The imperialism-compatible left is the tool within the initial layer of the state’s counterinsurgency, which is the layer where the state seeks to hold back the organizational success of revolutionary politics. Its monopoly over these spaces, and over the broader narrative about what it means to be a “socialist,” are the primary factors which threaten to prevent today’s rising mass outrage from going in a revolutionary direction. We know this because in 2020, the last time there was a revolt, the Democratic Party and its narrative managers successfully snuffed out the chance for police abolition by diverting the black liberation movement into helping its opportunist project. We have a new opportunity for revolutionary politics, and must stop the opportunists from doing this again.
I realized this several months ago, and since the beginning of the year, new developments have appeared which have rendered the counterinsurgency more vulnerable. Seymour Hersh has confirmed that Washington blew up Nord Stream, providing powerful rhetorical tools for the Rage Against the War Machine rally and its new permanent coalition. PCUSA, which helped build RAWM’s left flank, has been working with the PSL in organizing ANSWER’s rally, creating more unity and opportunities for idea-sharing within our movement. Now the war and the economic crisis are reaching a point where the people can no longer tolerate what their government is doing.

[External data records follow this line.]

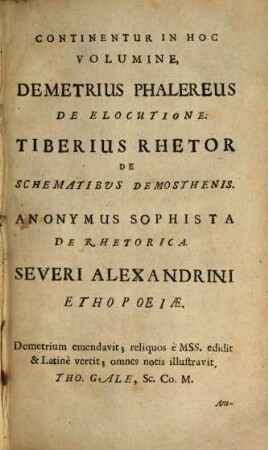 Rhetores selecti
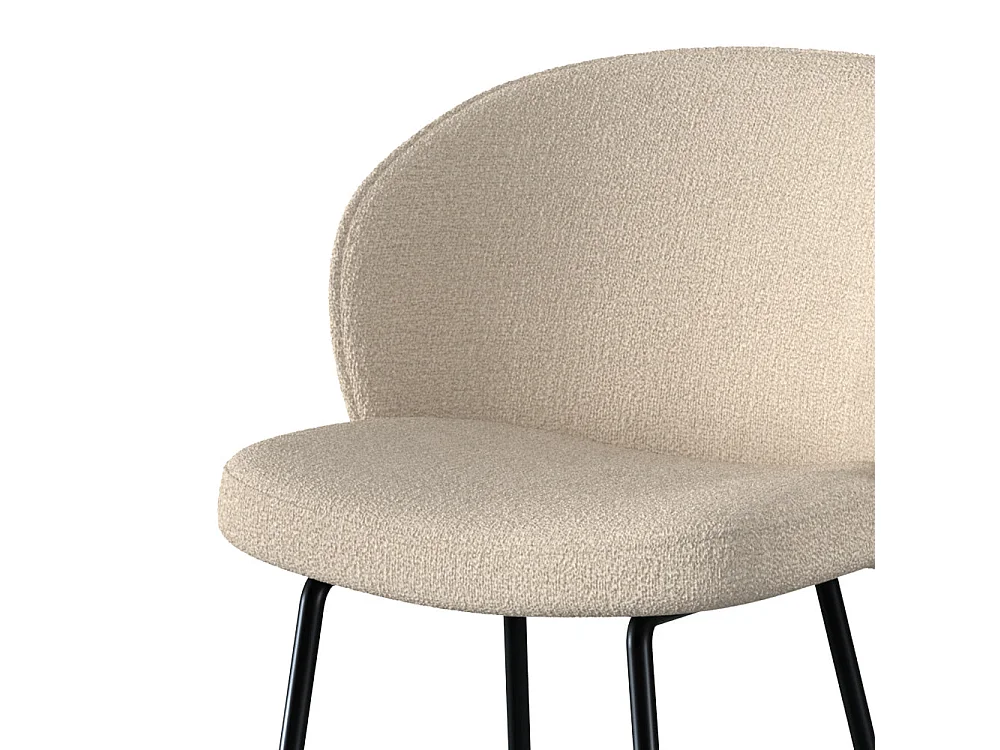 Set di 2 sedie per isola centrale in tessuto beige 66 cm - Groom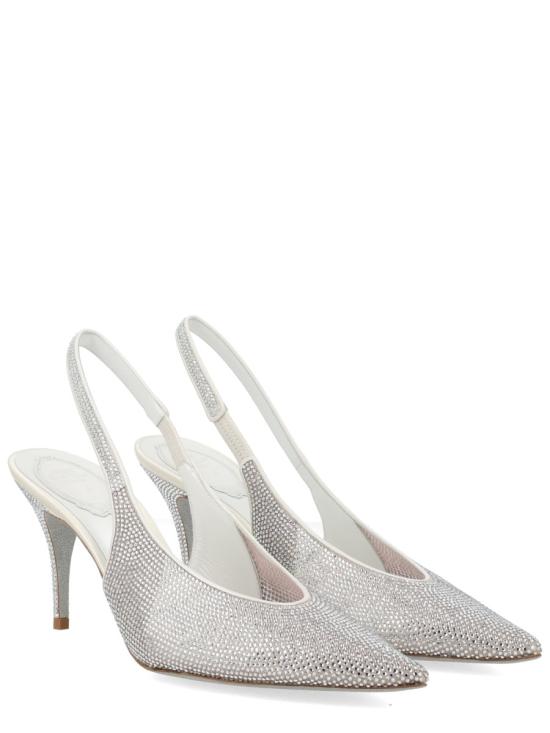 26SS 르네 카오빌라 힐/펌프스 C12648 080CRINV155 SILVER - RENE CAOVILLA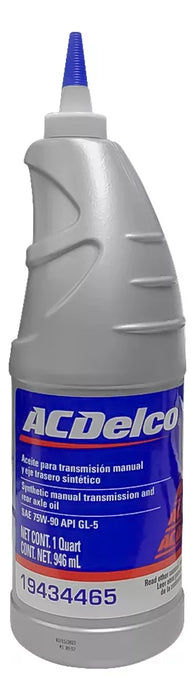 Aceite Transmision Manual Acdelco Sintetico 75w90 1l GRADO A
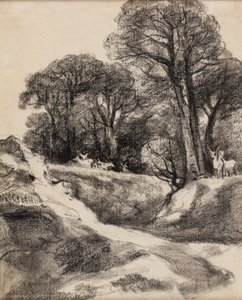 W Helmingham Park, Suffolk autorstwa John Constable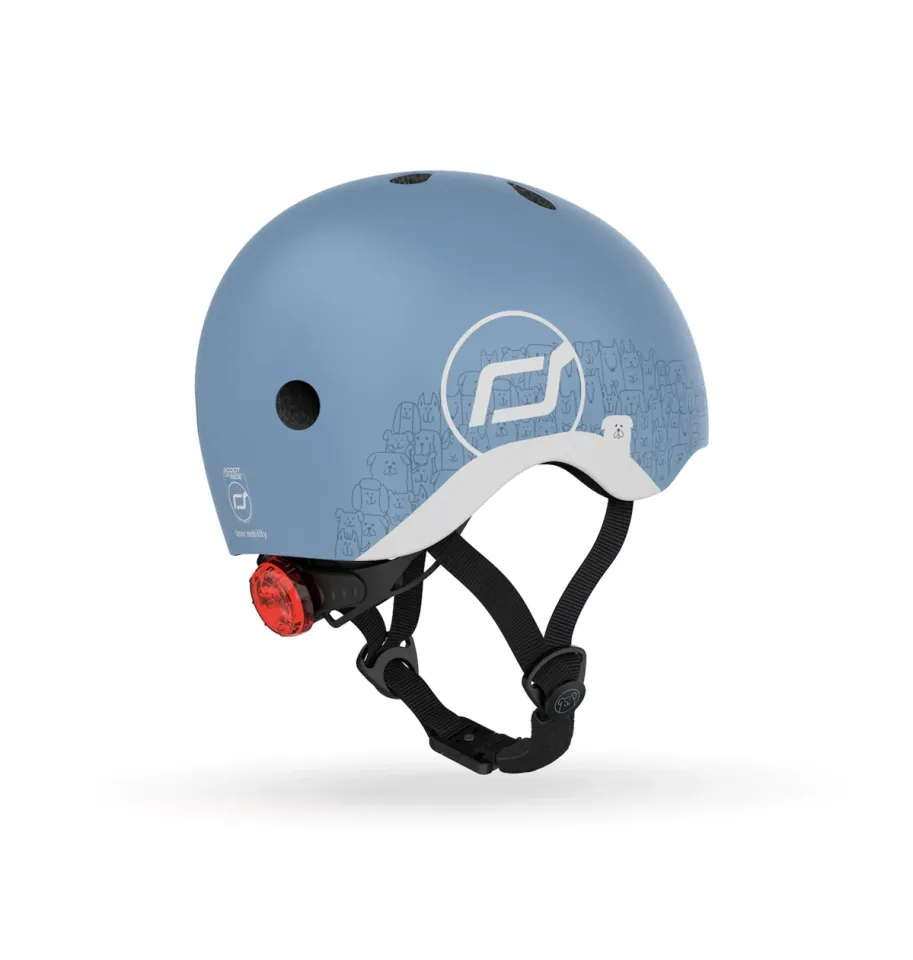 Scoot and Ride Helmet Reflective Bebek Kaskı XXS-S Petrol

Our revolutionary crisis is unfolding at a speed we couldn’t have anticipated until recently. Our narratives and political culture are being upended, leading to an environment that’s full of possibilities but can also be confusing when one isn’t sure how to respond to it. To find how to respond, base your decisions off of this question: “what’s the best course of action for advancing the class struggle?” The forces of reformism, sectarianism, and radical liberalism want us to ignore the revolutionary path, but the conditions are making that path clearer than ever. We have the ability to assert agency over history, and turn this chaotic situation towards a great escalation in the class struggle.